June 30, 2010

116th BCT Soldiers relive Gettysburg

By Maj. Nevin Blankenship
116th Brigade Combat Team Public Affairs

GETTYSBURG, Pa. — Senior leaders from 116th Brigade Combat Team spent a day reliving the Battle of Gettysburg during a staff ride June 18.


Soldiers from 116th Brigade Combat Team in front of the Virginia Memorial monument at the Gettysburg battlefield.
(Photo by Maj. Nevin Blankenship, 116th BCT Public Affairs)

Soldiers were assigned a key leader to do an in-depth study on that person and the battle role.  The preliminary study helps facilitate the staff ride by each Soldier giving input at each stop on their respective role.  

The Battle of Gettysburg was a chance meeting in July 1863 between the General Robert E. Lee’s Army of Northern Virginia and the Union Army of the Potomac led by Maj. General George G. Meade.

Gettysburg was the great battle of the Civil War and it marked the point when ultimate victory for the Union became clear to both sides. More men fought and died at Gettysburg than in any other battle in American history.


Soldiers from 116th Brigade Combat Team listen to Col. A. Dwight Raymond (ret.), U.S. Army War College, at a stop during the Gettysburg staff ride. (Photo by Maj. Nevin Blankenship, 116th BCT Public Affairs)

The Soldiers are able to see what the key leader say the day of the battle at each site. They use the terrain and battle timeline to analyze what their leader was thinking during the battle and describe their actions.

“We do staff rides to gain insight into the tactical, operational and strategic aspects of the Gettysburg campaign and apply lessons learned to contemporary operations,” said Col. William J. Coffin, the deputy commander of the 116th Brigade Combat Team.

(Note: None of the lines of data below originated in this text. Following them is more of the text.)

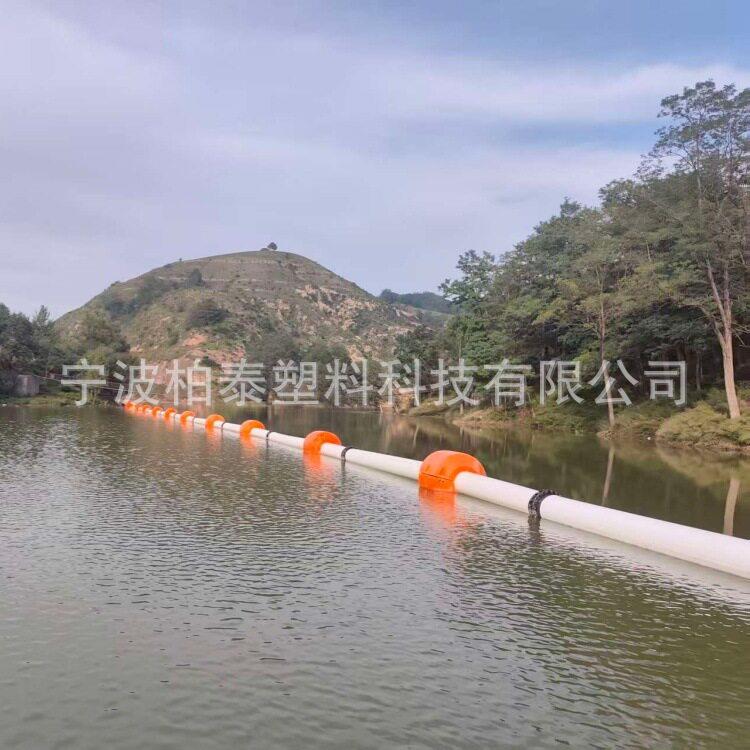 柏泰塑料清淤工程滚塑浮筒对夹式螺栓固定DN200管线浮筒厂家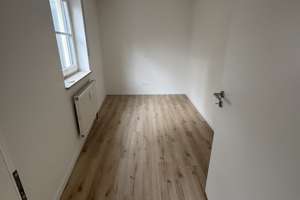 Top 4-Zimmer-Wohnung mit Westbalkon in Bestlage – ruhig & stadtnah in Regensburg – Unterislinger Weg 18, 93053 Galgenberg, Regensburg – Vorschaubild 6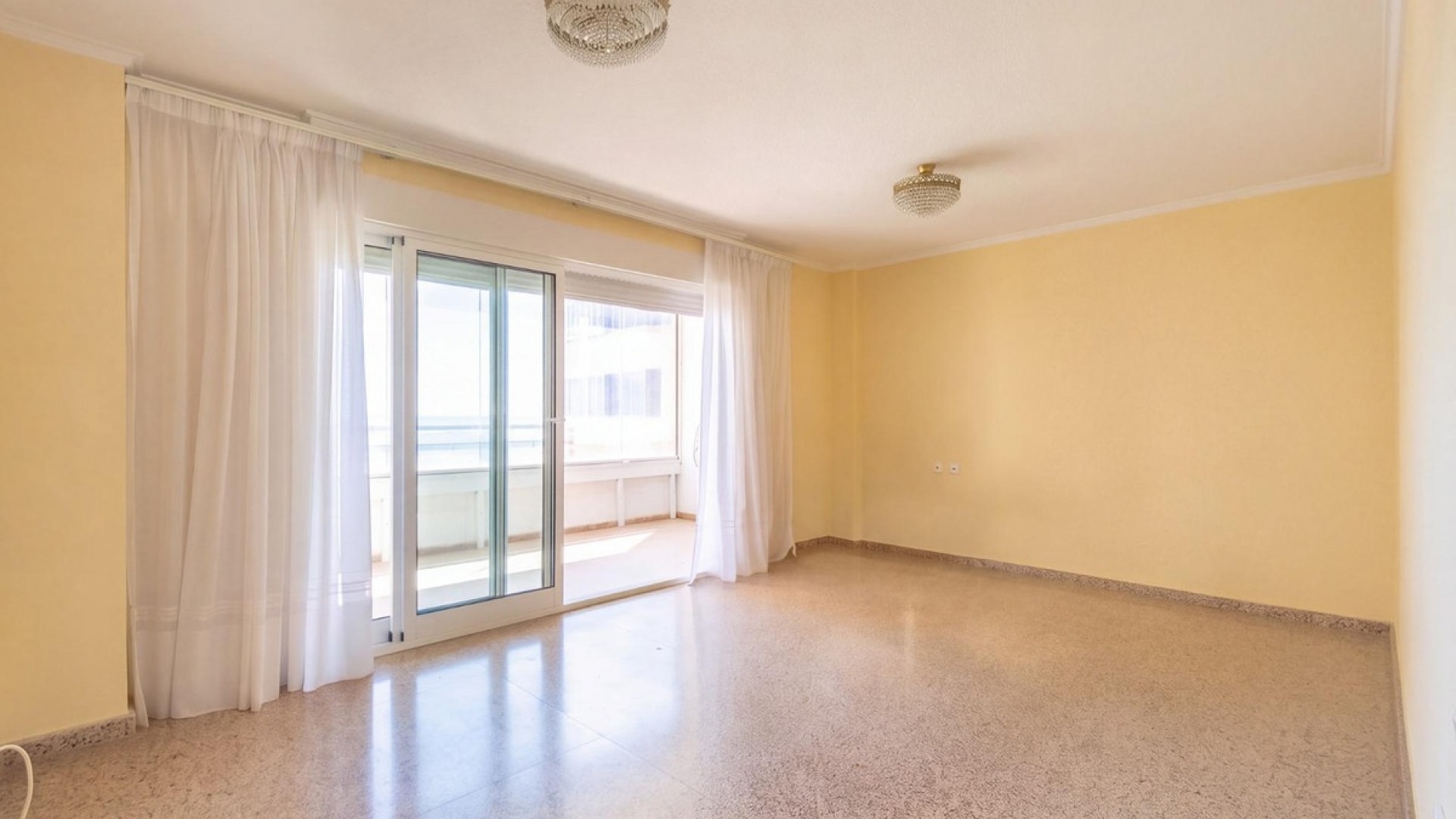Wiederverkauf - Wohnung - Torrevieja - Torrevieja Centro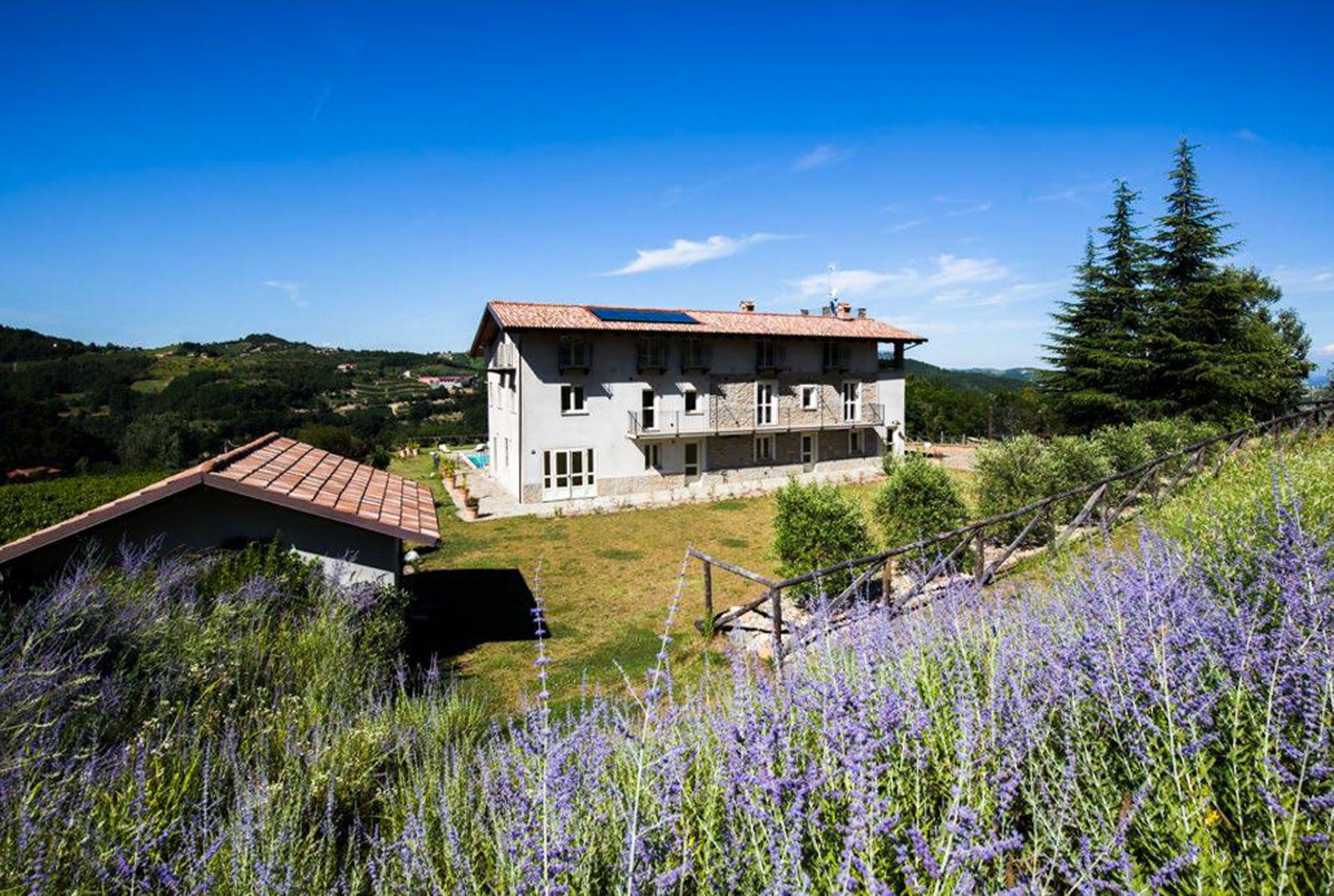 Restored country house for sale in Loazzolo, Langhe – Italian Hillside real estate agency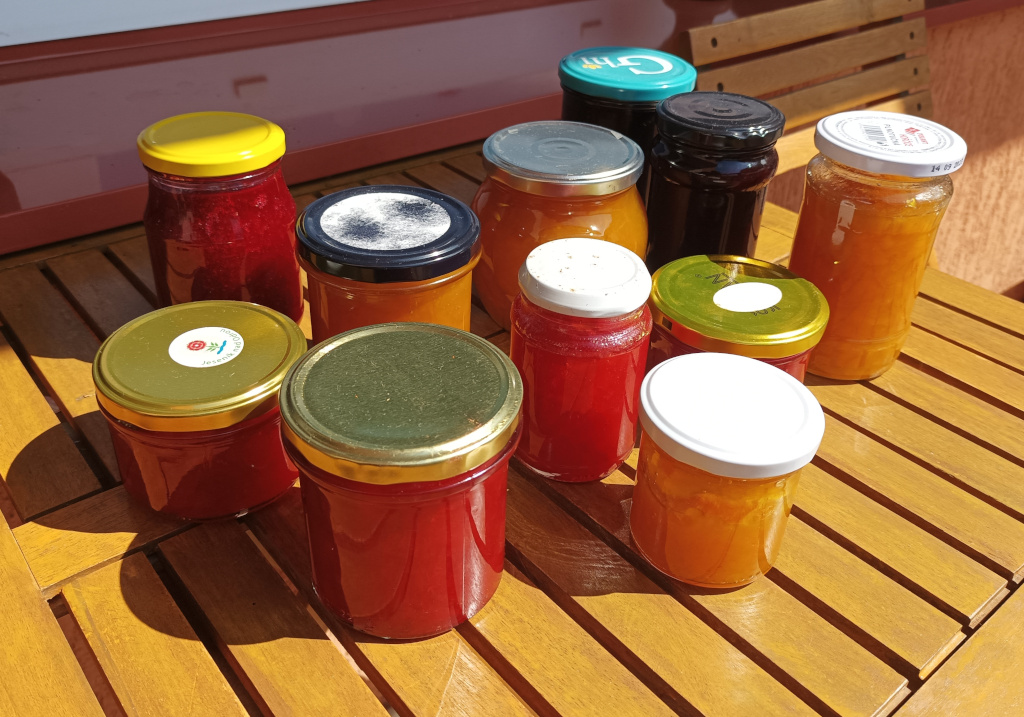 Fermentace různých druhů ovoce a zelenina probíhá v zavařovacích sklenicích.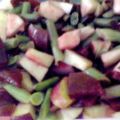 Rote-Bete-Salat mit grünen Bohnen und Äpfeln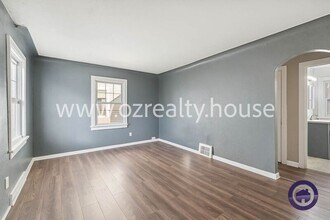 2022 Balkan Pl in Toledo, OH - Building Photo - Building Photo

Soldiers are able to see the effects of the decisions on the battlefield and are able to apply this knowledge in their own decision making. They see how effective leaders can influence subordinates to do great things in dire circumstances.

Soldiers deal with the same issues that the leaders did back in 1863. The key is to learn how leaders dealt with the issues then and how they should deal with them now to be better leaders.

“I always enjoy giving insights to the battle to leaders and I am honored to do another staff ride with the Stonewall Brigade,” said Col. A. Dwight Raymond (ret.), director of Second Year Studies, U.S. Army War College.

This was the third consecutive year that the brigade has conducted a staff ride and is planning to conduct one staff ride per year in the future.